Due to the not supported of discovery process, we are fixing the EIDs for host. During the implementation, we recognize if we use this approach, we will have a limitation when using the code in pldmd and host-bmc in https://github.com/openbmc/pldm
Where just only Host_EID is using. (It might be improvement later here). 

A new way that is considering is like the image: https://github.com/tungnguyen-ampere/images/blob/7dba355b4742d0ffab9cd39303bbb6e9c8a6f646/new_design.png

In this way, we use an EID for host to communicate. The master socket 0 should self-manage the host devices like: sensors, effectors, boot progress ... etc.

I would like to hear your opinion on this if the feature is applicable for your systems like what is pros, what is cons, what is the performance, what do you prefer, other suggestion... etc.

Our target is to make the feature works and support the community..

Thank you & best regards,
Tung



^ permalink raw reply	[flat|nested] 6+ messages in thread

* Re: MCTP/PLDM BMC-host communication design
  2022-01-17 16:33 MCTP/PLDM BMC-host communication design Tung Nguyen OS
@ 2022-01-19 22:51 ` Andrew Jeffery
  2022-01-20  0:53 ` Jeremy Kerr
  1 sibling, 0 replies; 6+ messages in thread
From: Andrew Jeffery @ 2022-01-19 22:51 UTC (permalink / raw)
  To: Tung Nguyen OS, openbmc, Jeremy Kerr, Matt Johnston
  Cc: Thu Nguyen OS, Thang Q . Nguyen



On Tue, 18 Jan 2022, at 03:03, Tung Nguyen OS wrote:
> Dear community,
> [Switched the email in PlainText format]
>
> We are using community PLDM/MCTP code to design our MCTP/PLDM stack via 
> SMBUS on aarch64 system. Basically, we have 2 CPU sockets corresponding 
> with 2 SMBUS addresses, and the MCTP/PLDM stack looks like this image:
> https://github.com/tungnguyen-ampere/images/blob/7dba355b4742d0ffab9cd39303bbb6e9c8a6f646/current_design.png
>
> Due to the not supported of discovery process, we are fixing the EIDs 
> for host.

This is true if you're using the libmctp userspace solution.

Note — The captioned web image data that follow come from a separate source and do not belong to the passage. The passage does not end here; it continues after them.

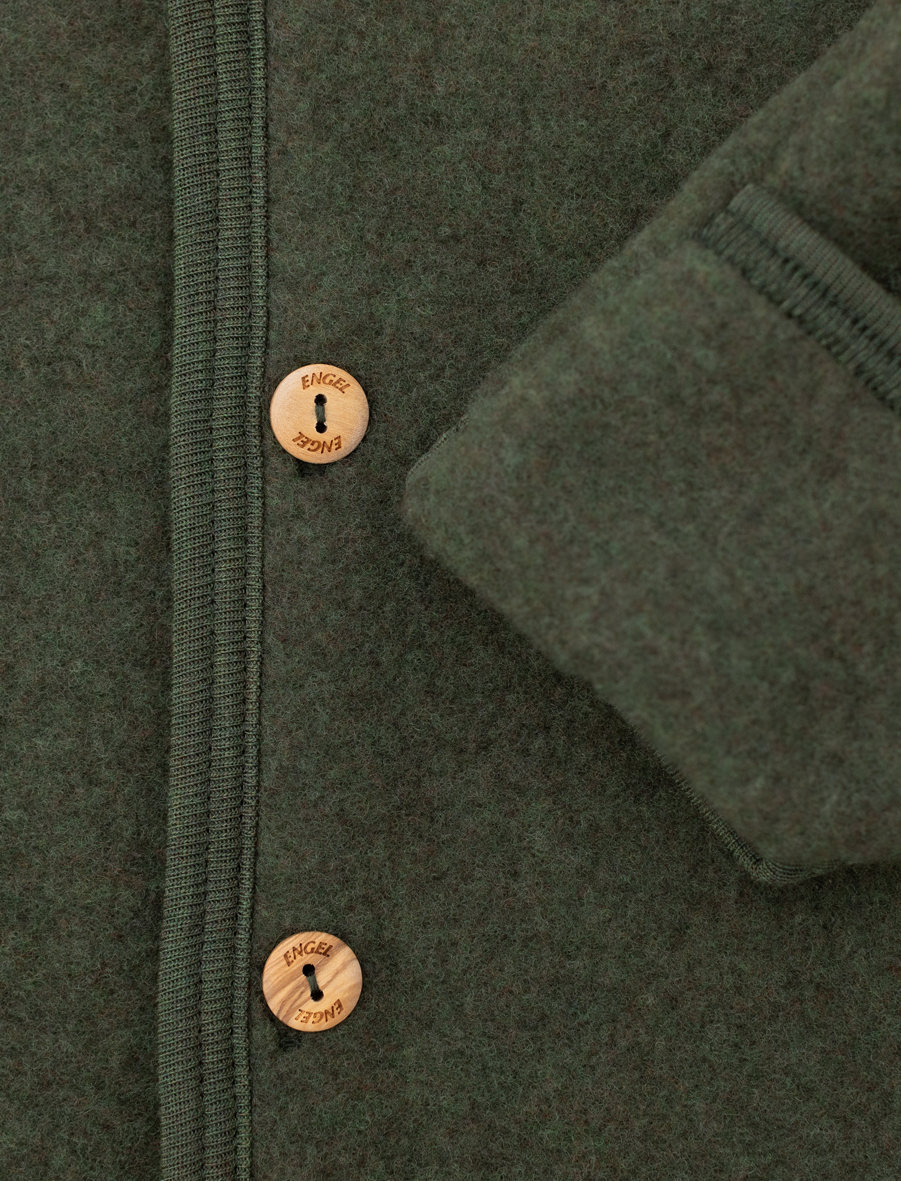 Close-up of a dark olive green wool jacket with a buttoned front and a folded cuff showing the ribbed lining.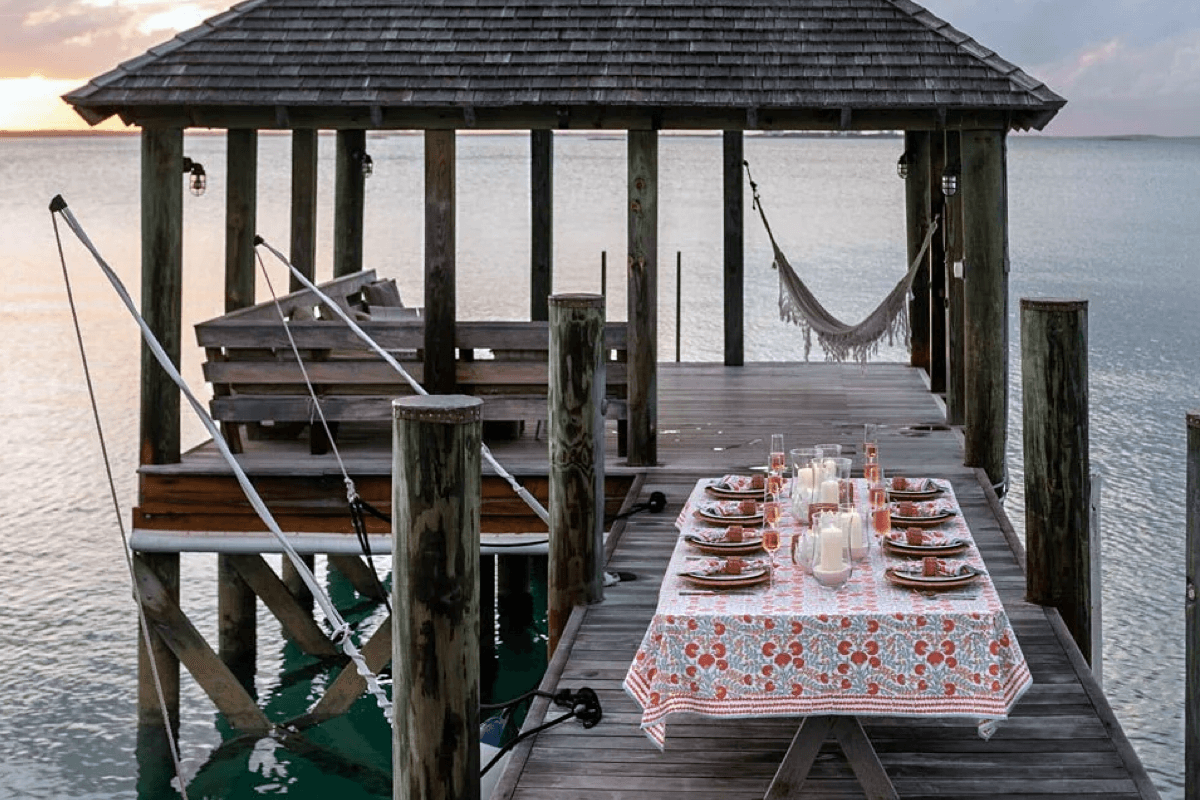A wooden dock over water with a table set for a meal, featuring plates, glasses, and candles on a patterned tablecloth. A hammock finds its place between two posts near the table, and a covered structure is visible in the background.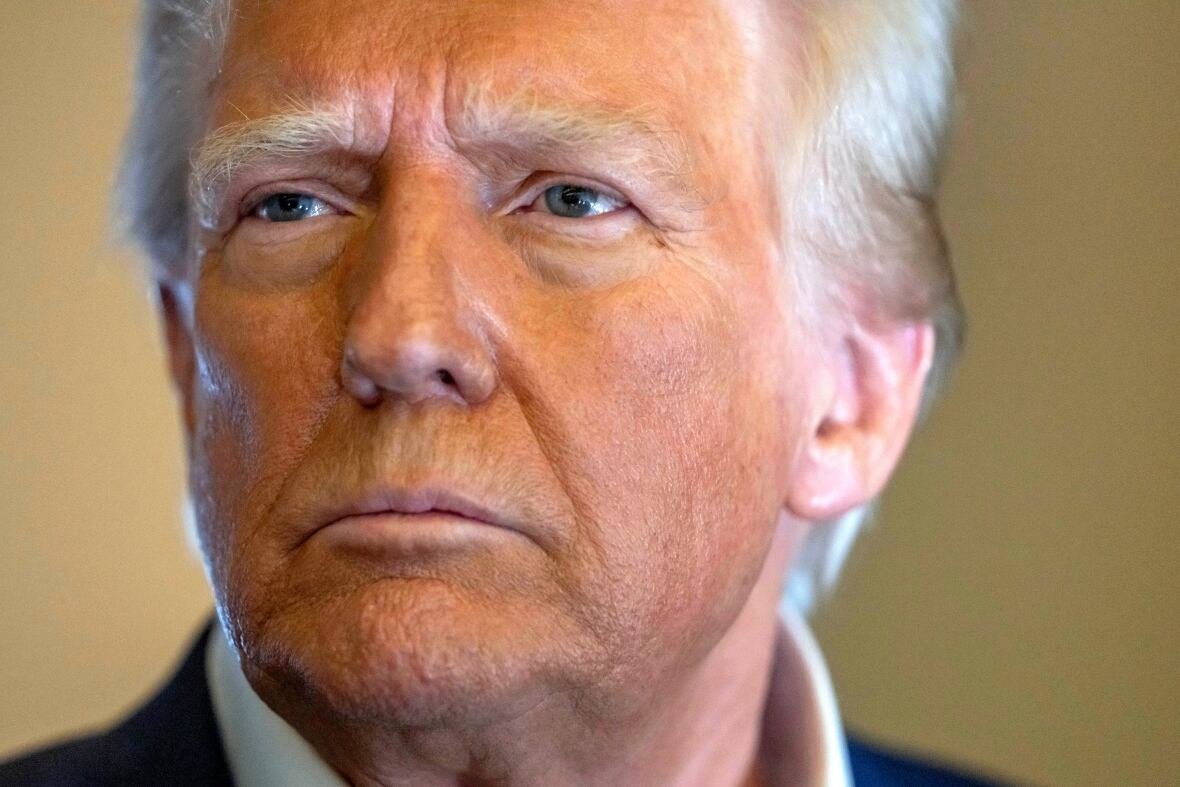 donald-trump-1 An elderly man with blond hair is seen in a close-up photo.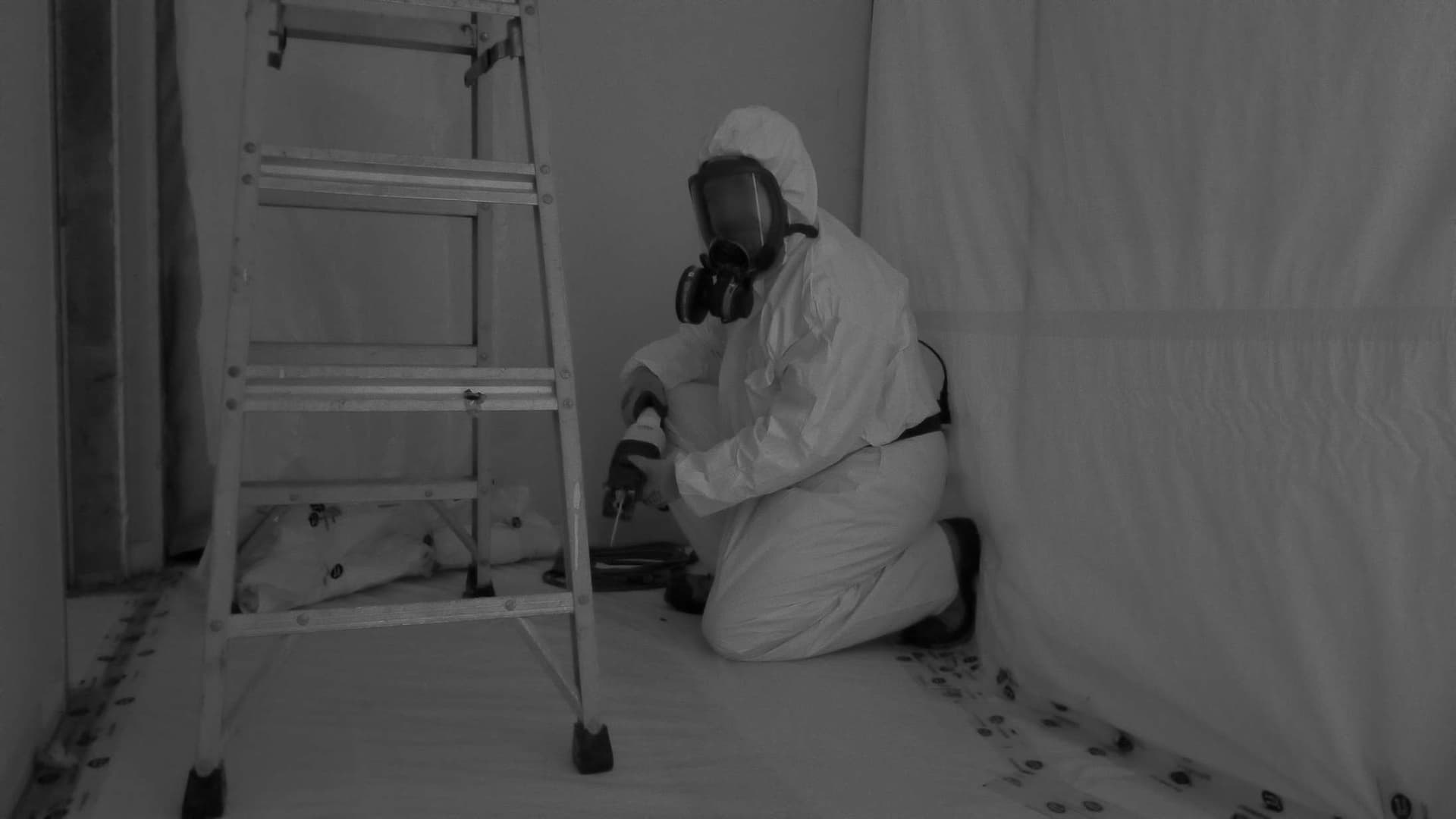 Asbestos containment area with poly sheeting, negative air machines, and decontamination chambers set up by certified technicians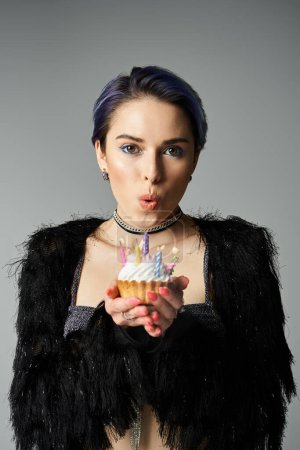 Téléchargez les photos : A pretty young woman with short dyed hair poses in stylish attire, holding a delicious cake in her hand. - en image libre de droit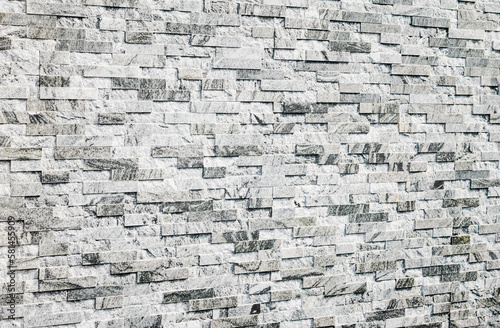 abstract stone wall made of gray marble tiles  selective focus  copy space. Wallpaper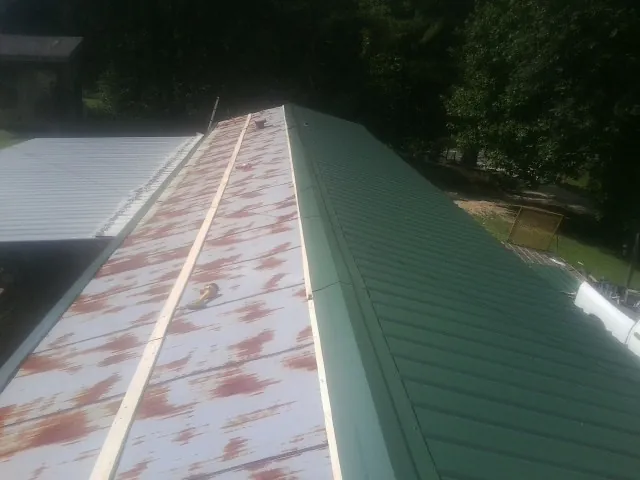Old rusted panels beside newly installed green metal roofing — Wind Damage Roof Repair by Roofing Brothers in Tiro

This isn't true if you're using the in-kernel MCTP stack with the associated utilities from Code Construct:

https://codeconstruct.com.au/docs/mctp-on-linux-introduction/

Specifically, mctpd can handle discovery and network setup for you.

The kernel solution is the future of MCTP in OpenBMC, so if this isn't part of your plan then I'd encourage you to consider it.

There might be some work to do to get the latest work from Jeremy and Matt into the OpenBMC kernel tree, but I'm sure they will be happy to help out.

Cheers,

Andrew

^ permalink raw reply	[flat|nested] 6+ messages in thread

* Re: MCTP/PLDM BMC-host communication design
  2022-01-17 16:33 MCTP/PLDM BMC-host communication design Tung Nguyen OS
  2022-01-19 22:51 ` Andrew Jeffery
@ 2022-01-20  0:53 ` Jeremy Kerr
  2022-01-21  4:15   ` Tung Nguyen OS
  1 sibling, 1 reply; 6+ messages in thread
From: Jeremy Kerr @ 2022-01-20  0:53 UTC (permalink / raw)
  To: Tung Nguyen OS, openbmc; +Cc: Thu Nguyen OS, Thang Nguyen OS

Hi Tung,

> We are using community PLDM/MCTP code to design our MCTP/PLDM stack
> via SMBUS on aarch64 system. Basically, we have 2 CPU sockets
> corresponding with 2 SMBUS addresses, and the MCTP/PLDM stack looks
> like this image:
>  
> https://github.com/tungnguyen-ampere/images/blob/7dba355b4742d0ffab9cd39303bbb6e9c8a6f646/current_design.png

That looks good to me, but a couple of notes:

 - EID 0 and EID 1 are reserved addresses according to the spec, the
   usable range starts at 8

 - therefore, the *convention* so far for EID allocation is to assign
   EID 8 to the BMC, as the top-level bus owner, and allocate onwards
   from there. However, that's certainly not fixed if you require
   something different for your design.

 - you don't necessarily need two EIDs (0 and 1) for the BMC there.
   Even if there are two interfaces, you can use a single EID on the
   BMC, which simplifies things.

> Due to the not supported of discovery process, we are fixing the EIDs
> for host.

As Andrew has mentioned, we have the in-kernel stack working, including
the EID discovery process using MCTP Control Protocol messaging.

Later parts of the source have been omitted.